Equations (4.43) reduce to

$$(\omega_0^{~2} -\omega^2 -\omega\,{\mit \Omega})\,s_+ = -\frac{e}{m}\,E_+,$$ (678)

$$(\omega_0^{~2} -\omega^2 + \omega\,{\mit \Omega})\,s_- = -\frac{e}{m}\,E_-.$$ (679)

Defining $P_\pm = P_x\pm{\rm i}\,P_y$, it follows from Eq. (4.10) that

$$P_\pm = \frac{(N e^2/m)\,E_\pm}{\omega_0^{~2} -\omega^2 \mp \omega\, {\mit\Omega}}.$$ (680)

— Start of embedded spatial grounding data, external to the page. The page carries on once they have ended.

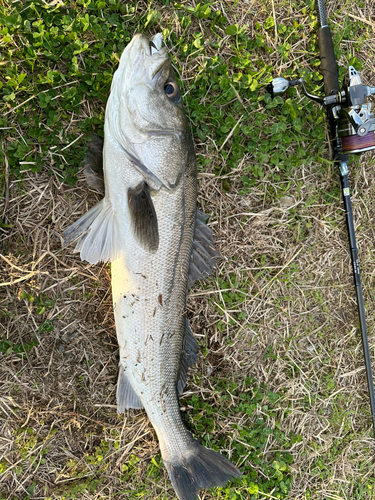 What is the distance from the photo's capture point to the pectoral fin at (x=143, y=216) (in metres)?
2.15

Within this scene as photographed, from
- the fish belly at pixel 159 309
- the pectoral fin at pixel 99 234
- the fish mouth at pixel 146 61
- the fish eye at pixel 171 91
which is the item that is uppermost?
the fish mouth at pixel 146 61

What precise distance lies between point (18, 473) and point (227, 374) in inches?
68.5

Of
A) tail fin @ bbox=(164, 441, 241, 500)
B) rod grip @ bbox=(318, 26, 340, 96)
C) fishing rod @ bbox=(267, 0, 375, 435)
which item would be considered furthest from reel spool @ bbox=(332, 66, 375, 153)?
tail fin @ bbox=(164, 441, 241, 500)

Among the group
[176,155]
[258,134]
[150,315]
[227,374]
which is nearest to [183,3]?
[258,134]

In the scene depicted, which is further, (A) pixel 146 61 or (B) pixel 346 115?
(B) pixel 346 115

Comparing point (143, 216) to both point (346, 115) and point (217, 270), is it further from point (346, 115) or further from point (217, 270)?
point (346, 115)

Finally, from Eq. (4.15), we can write

$$\epsilon_\pm\equiv n^{~2}_\pm= 1 + \frac{P_\pm}{\epsilon_0\,E_\pm},$$ (681)

giving

$$n^{~2}_\pm(\omega) = 1 + \frac{(Ne^2/\epsilon_0 m)} {\omega_0^{~2} -\omega^2 \mp \omega\, {\mit\Omega}}.$$ (682)

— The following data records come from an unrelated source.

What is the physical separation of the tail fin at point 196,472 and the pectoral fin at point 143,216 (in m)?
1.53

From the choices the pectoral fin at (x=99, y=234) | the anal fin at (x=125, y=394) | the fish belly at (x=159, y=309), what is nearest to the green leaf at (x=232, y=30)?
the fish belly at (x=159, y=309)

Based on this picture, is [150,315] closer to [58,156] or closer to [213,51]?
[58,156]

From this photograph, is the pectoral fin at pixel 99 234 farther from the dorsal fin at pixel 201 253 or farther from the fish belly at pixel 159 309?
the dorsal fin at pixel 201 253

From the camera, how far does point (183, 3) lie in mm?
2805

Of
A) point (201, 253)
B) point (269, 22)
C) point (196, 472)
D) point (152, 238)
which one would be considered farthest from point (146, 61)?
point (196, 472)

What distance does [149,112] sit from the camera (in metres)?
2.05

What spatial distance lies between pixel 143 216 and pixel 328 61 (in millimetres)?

According to the dispersion relation (4.51), the refractive index of a magnetized dielectric medium can take one of two possible values, which presumably correspond to two different types of wave propagating along the $z$-axis. The first wave has the refractive index $n_+$ and an associated electric field [see Eqs. (4.45)]

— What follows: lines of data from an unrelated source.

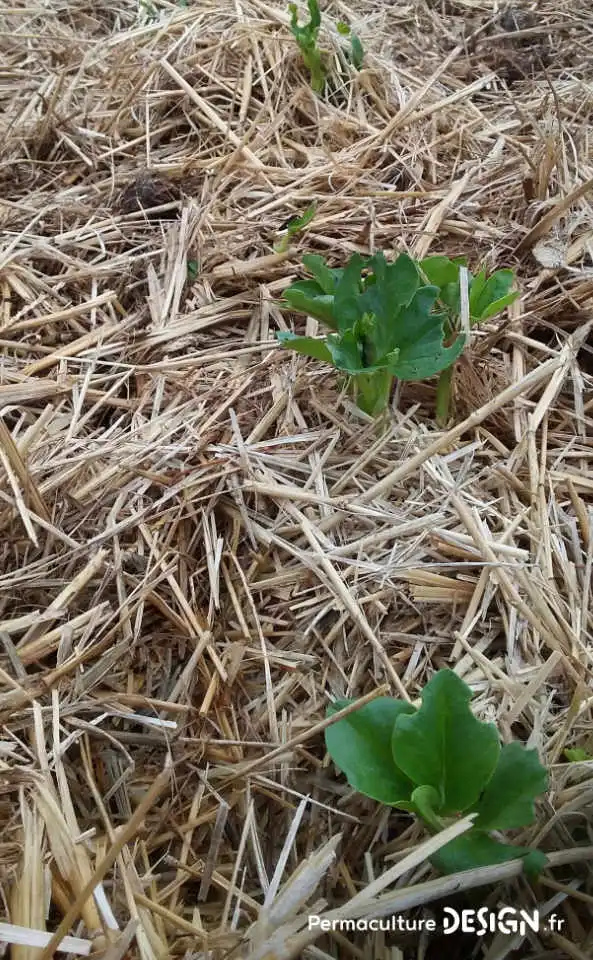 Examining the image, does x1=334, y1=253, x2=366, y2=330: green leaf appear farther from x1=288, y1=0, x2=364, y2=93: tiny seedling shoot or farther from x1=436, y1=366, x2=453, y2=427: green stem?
x1=288, y1=0, x2=364, y2=93: tiny seedling shoot

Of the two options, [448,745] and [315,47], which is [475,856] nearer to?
[448,745]

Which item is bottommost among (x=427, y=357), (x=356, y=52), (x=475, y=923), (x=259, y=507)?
(x=475, y=923)

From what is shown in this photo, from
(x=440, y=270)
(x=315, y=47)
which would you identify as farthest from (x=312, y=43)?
(x=440, y=270)

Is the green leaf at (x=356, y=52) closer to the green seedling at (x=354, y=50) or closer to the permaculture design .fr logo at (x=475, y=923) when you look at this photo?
the green seedling at (x=354, y=50)

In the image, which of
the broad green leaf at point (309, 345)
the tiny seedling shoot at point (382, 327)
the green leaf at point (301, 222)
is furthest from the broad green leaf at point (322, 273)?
the green leaf at point (301, 222)

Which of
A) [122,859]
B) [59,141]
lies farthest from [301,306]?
[59,141]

$$E_x = E_0 \cos[(\omega/c)(n_+ z -c t)],$$ (683)

$$E_y = E_0 \sin[(\omega/c)(n_+ z-ct)].$$ (684)

This corresponds to a left-handed circularly polarized wave propagating in the $z$-direction with the phase velocity $c/n_+$. The second wave has the refractive index $n_-$ and an associated electric field

$$E_x = E_0 \cos[(\omega/c)(n_- z -c t)],$$ (685)

$$E_y = - E_0 \sin[(\omega/c)(n_- z-ct)].$$ (686)

This corresponds to a right-handed circularly polarized wave propagating in the $z$-direction with the phase velocity $c/n_-$. It is clear from Eq. (4.51) that $n_+ > n_-$. Thus, we conclude that in the presence of a $z$-directed magnetic field, a $z$-directed left-handed circularly polarized wave propagates with a phase velocity which is slightly less than that of the corresponding right-handed wave. It should be remarked that the refractive index is always real (in the absence of damping), so the magnetic field gives rise to no net absorption of electromagnetic radiation. This is not surprising since the magnetic field does no work on charged particles, and can therefore transfer no energy to the particles from any waves propagating through the medium.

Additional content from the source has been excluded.